Ahhhh you are the person that gets the tricky questions that are sort of misleading (ie they give you data you dont need). They are easier after closer inspection.

Ok So we agree that the momentum is large, then goes to a small number, and then large again. So lets just look at this as a ball in 2-d motion, projectile motion. I thing we can assume the mass of the ball is not changing but the velocity is. What do you know about the velocity of a ball "shot" at an angle at the beginning of its flight starting presumably and the ground, and at its max height off the ground? Vx and Vy and Vo... I think this is the way to start.

3. Jul 4, 2010

### Beamsbox

That's great... that you recognize me as the tricky question guy, I wouldn't be here if they weren't so... I'm always the lucky one... and yes, they are always a bit easier after we figure them out. ;) So I must once again thank you for your help.

Well, we know that the acceleration is a constant 9.8 m/s2 downward. Concerning Vy... so since we agree that the velocity is decreasing (as momentum decreases), and we know that at the top of the trajectory, Vo becomes 0 for but an instant. That means that at the bottom of the momentum curve, the object is at it's highest point. Say around 2.25 seconds into it.

But analyzing the components of their motions might help. (Like you said...)

Horizontally,
Xf - Xi = V0t
Vo = V0cos(theta)

so, Xf - Xi = V0cos(theta)t

Vertically,
yf - yi = V0sin(theta0)t-1/2gt2

Assuming (0) initial velocity, the ball shoots up 24.8 m, before it falls... but I don't see the usefulness of that...

Last edited: Jul 4, 2010
4. Jul 4, 2010

### pgardn

Well you know you have 6 units of momentum at "launch".

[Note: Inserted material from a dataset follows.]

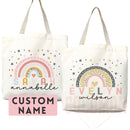 Personalized Name Tote Bag Rainbow School Tote Gift Custom Name Tote Bag Library Teacher Bag Customized Name Gift For Her Kids School Bag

How many units of momentum do you have when the object is at its highest point, its not 6. And you said at one moment during the flight Vo was zero? If it was zero then you would have no momentum. Your graph says there is momentum thus velocity during the entire flight. But there is a moment during the flight when the velocity, thus the momentum, is the smallest. And the number is on your graph for the momentum at this point.

Oh and I did not mean to imply you make up these problems. Your "teach" is a bit tricky imo. Its still a question that I slapped myself once I saw it.

Last edited: Jul 4, 2010
5. Jul 4, 2010

### Beamsbox

Haha, no offense taken. And it's not the teach, they're straight from the book, they just happen to be the few I can't figure out. I guess I'm more of a straight-forward visualizer, ;).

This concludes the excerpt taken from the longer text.